A modified blister test has been developed based on helium ion implantation into selected areas of the metal substrate prior to the coating deposition. After a post-deposition thermal annealing, blisters are formed by agglomeration of the implanted gas at the ceramic–metal interface. This method can be used to control the pressure in the blister which eventually may lead to delamination at the periphery of the blister. A microsieve with a regular array of circular holes is used during the implantation to assure the initial blister size. Two different microsieves were employed in this work, with pore diameters of 1.5 and 4.5 μm, respectively. The distance between the centres of neighbour pores is twice the pore diameter. Scanning Electron Microscopy (SEM) and Confocal Scanning Optical Microscopy (CSOM) observations allowed the determination of the blistering parameters such as the radius, the height and the blister volume.
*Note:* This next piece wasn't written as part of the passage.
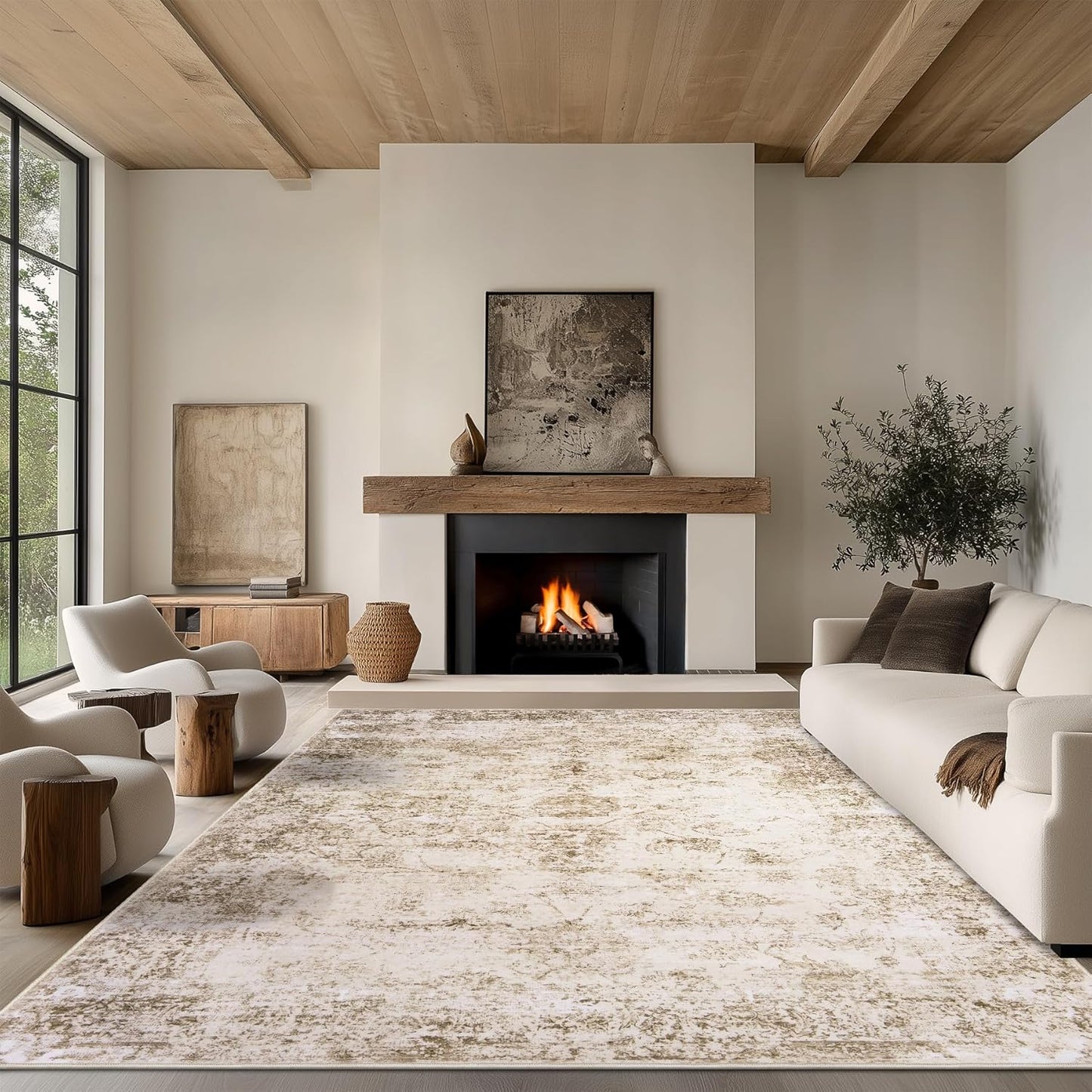5x7 Area Rug Living Room Rugs - Washable Rug Large Modern Abstract Soft Thin Carpets Indoor Floor No Slip Vintage Carpet for Bedroom Under Dining Table Nursery Home Office Decor Beige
From the gas content and these parameters, the work of adhesion or energy release rate can be obtained.In this work, we present the first results of this blister test applied to W–C:H films and multilayers of Ti and Al deposited by Physical Vapour Deposition on polycrystalline copper substrates. The copper substrates were implanted with 34 keV He⁺ ions up to fluences of 3 and 5×10¹⁶ cm⁻² before the deposition of the coatings and annealed afterwards in vacuum at temperatures from 773 to 1073 K for 30 min. Delamination of the Ti/Al multilayer coatings was already detected after annealing at 873 K with an energy release rate estimated to be 0.5 J m⁻² at a typical helium pressure of 10⁷ Pa. No delamination but only helium swelling was observed for W–C:H coatings annealed at 1073 K. Results of experiments on uncoated copper samples are also shown in order to explain the mechanism of helium bubble growth and helium release that causes the creation of the blisters.